Roberts tiró los dados en la séptima entrada y recurrió al zurdo novato Justin Wrobleski para enfrentarse al final del orden de los Azulejos. Permitió un doblete con dos outs a Ernie Clement, pero se recuperó ponchando a Andrés Giménez para dejar atrás al equipo, dejando escapar un grito de fuego mientras abandonaba el montículo.
Luego, cuando los Dodgers perdieron una oportunidad con las bases llenas en el octavo, Roki Sasaki se preparó para un salvamento con seis outs, subiendo al montículo por segunda vez en esta serie.
El relevista de los Dodgers Justin Wrobleski celebra luego de terminar la séptima entrada con un ponche en el Juego 6 de la Serie Mundial el viernes.
(Robert Gauthier/Los Ángeles Times)
Sasaki tuvo que trabajar duro para pasar el octavo, dejando a dos corredores varados al dejar caer a Bo Bichette y Daulton Varsho consecutivamente.
Luego, en el noveno, el juego culminó con un final sorprendente y dramático, con una magnífica doble matanza de Hernández para poner a Barger en segunda y terminar el juego.
Llegar a ese punto requirió su propia secuencia dramática. Sasaki golpeó a Alejandro Kirk con un splitter de 0 y 2 que se le escapó de las manos para iniciar el round. Barger siguió con una línea hacia el centro izquierdo que fue golpeada tan fuerte que se pegó a la pared para un doblete por regla general.
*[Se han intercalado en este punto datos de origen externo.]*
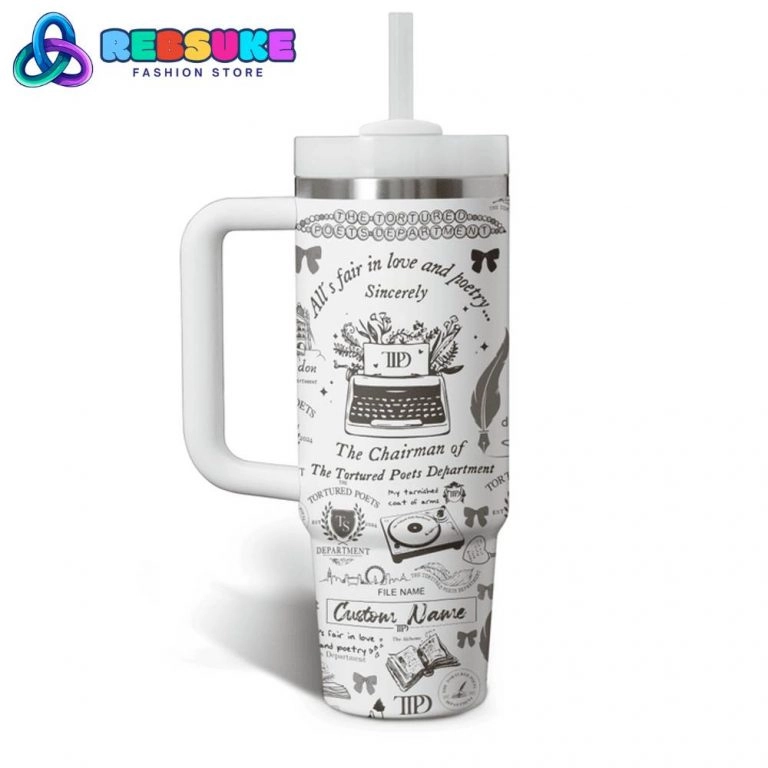 Taylor Swift Album 2024 The Tortured Poets Department Music Custom Swiftie University 30oz or 40oz Stainless Steel Tumbler With Handle HG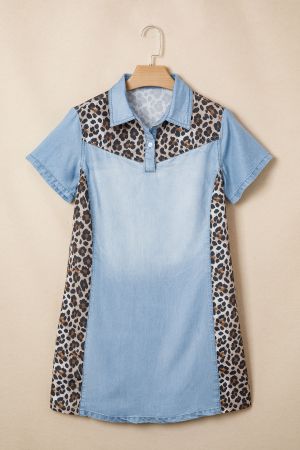 Women's Denim Dress with Leopard Print Panels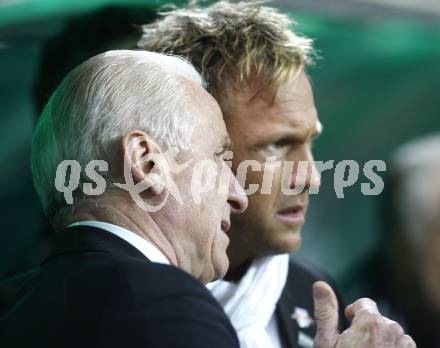 Fussball T-Mobile Bundesliga. SK Austria Kaernten gegen Red Bull Salzburg. Trainer Giovanni Trapattoni, Co-Trainer Georg Streiter (Salzburg). Klagenfurt, am 19.3.2008.

Copyright Kuess

---
pressefotos, pressefotografie, kuess, qs, qspictures, sport, bild, bilder, bilddatenbank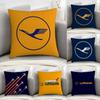 L-Lufthansa German Airlines Pillow Case Sofa Decorative Home Double-sided Print Plush Square Throw Pillow Covers Cushion Decor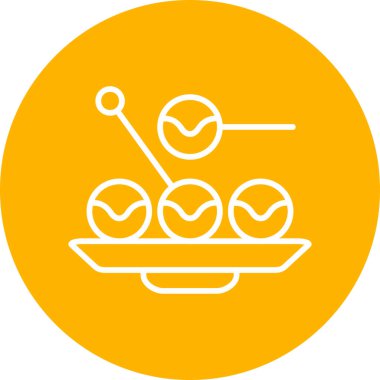 Gıda ikonu Takoyaki 'nin vektör çizimi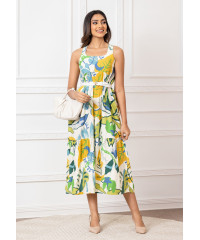 ADRIYANA GREEN MIX LONG DRESS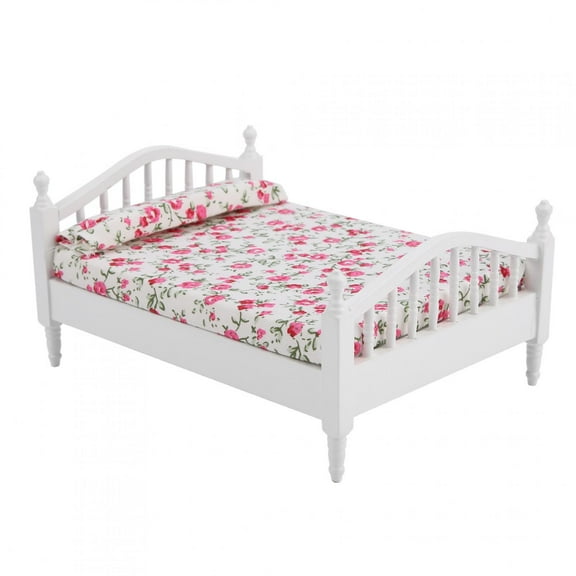 OTVIAP High In Quality Dollhouse Furniture with Double Bed, Wood + Cloth Flower, 161g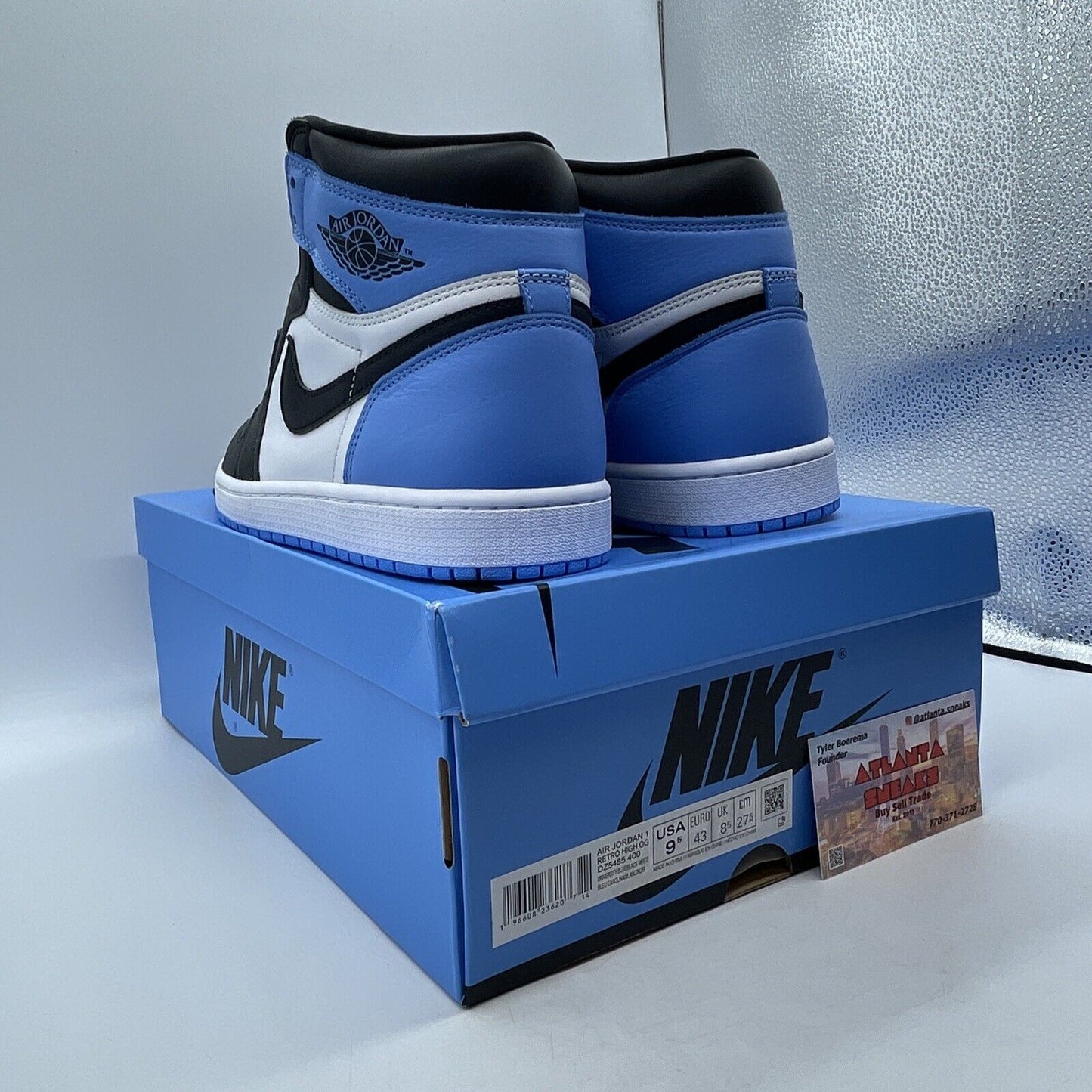 Size 9.5 - Jordan 1 Retro OG High UNC Toe White Blue Black Leather (DZ5485-400)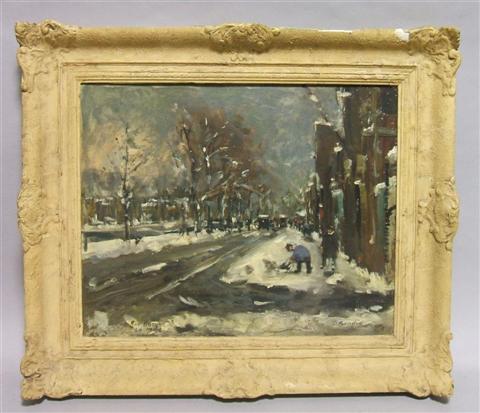 Appraisal: G BONDIN FRENCH TH CENTURY RUE BOSQUE - LA NEIGE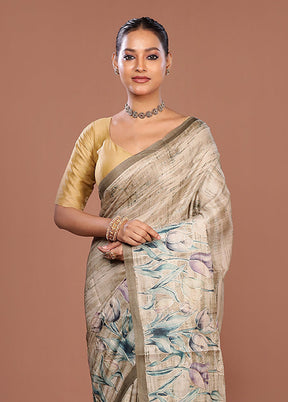 Green Tussar Silk Saree With Blouse Piece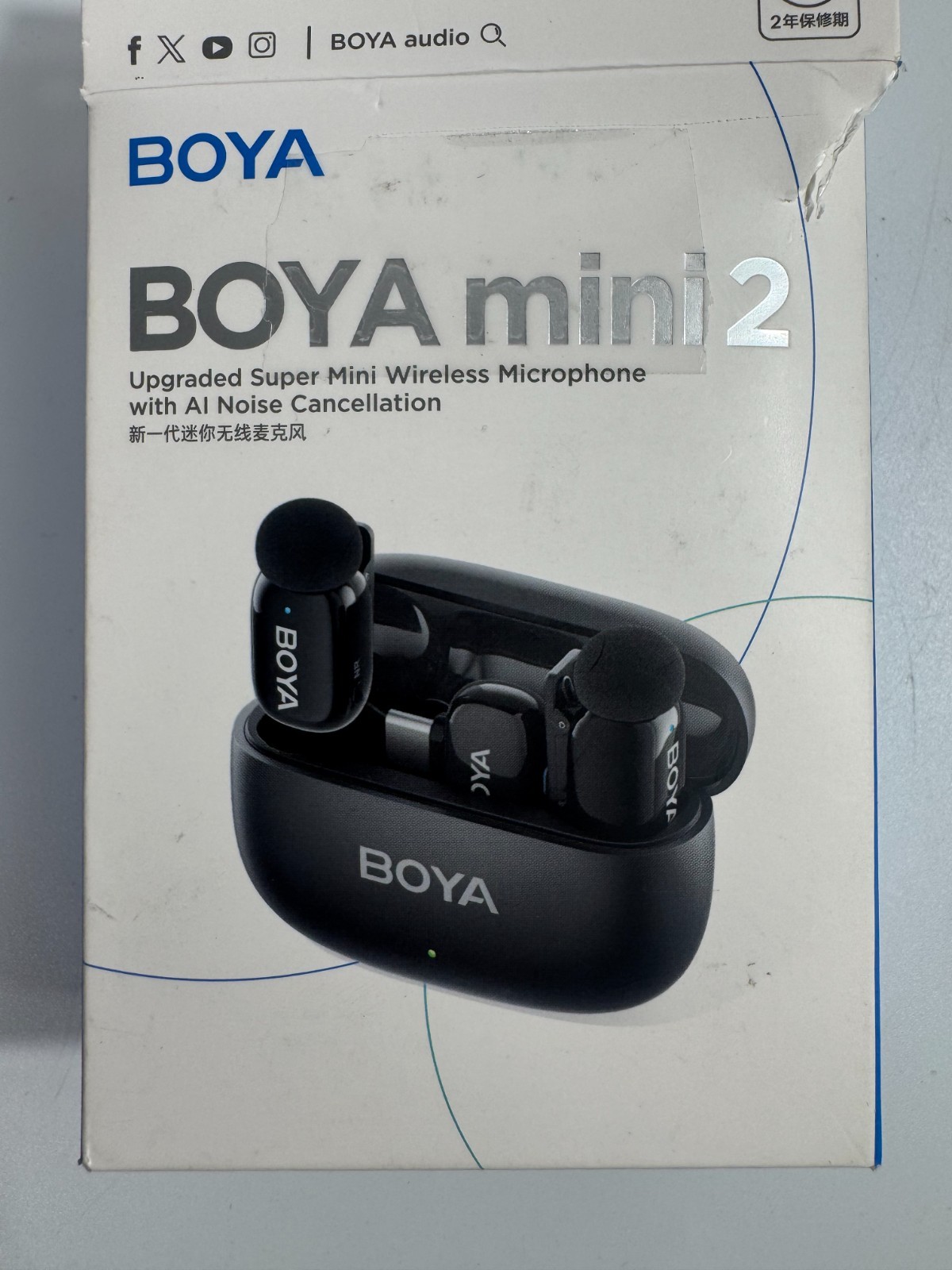 Boya Mini 2 Mini Wireless Microphone w/ Charging Case AI Noise Cancellation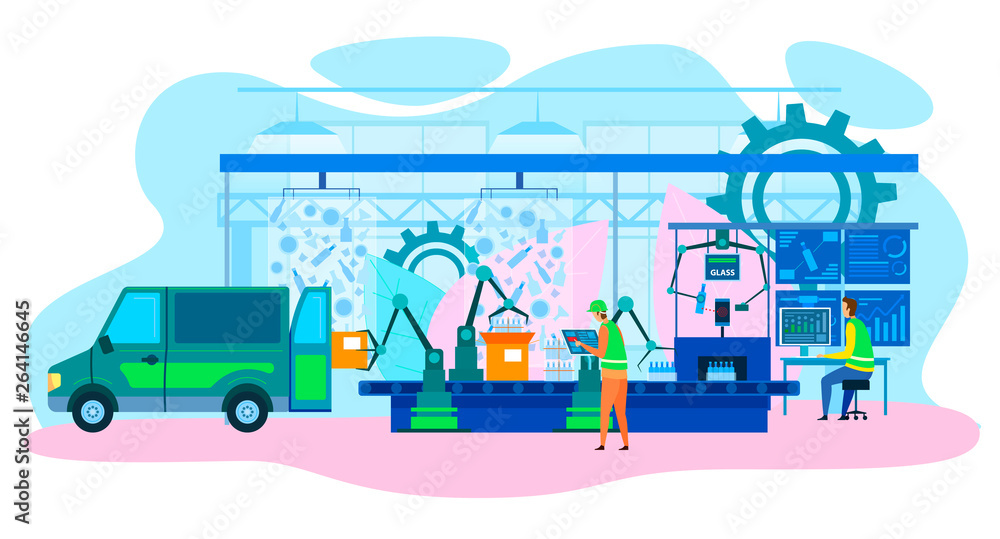 Naklejka premium Robotic Factory Production Line Futuristic Cartoon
Esta pausa resultaría crítica para los Dodgers, obligando a Barger, quien había corrido a casa después de que los jardines de los Dodgers levantaron la mano y los árbitros declararon la jugada muerta, a regresar a segunda mientras Roberts subía al montículo para hacer un cambio de lanzador.
Entró Tyler Glasnow, quien podría haber iniciado el Juego 7 si no hubiera sido necesario para apagar el fuego. En su primer lanzamiento hizo aparecer a Clément. Luego, Giménez le lanzó la pelota a Hernández, desencadenando la doble matanza que permitiría a los Dodgers continuar la pelea.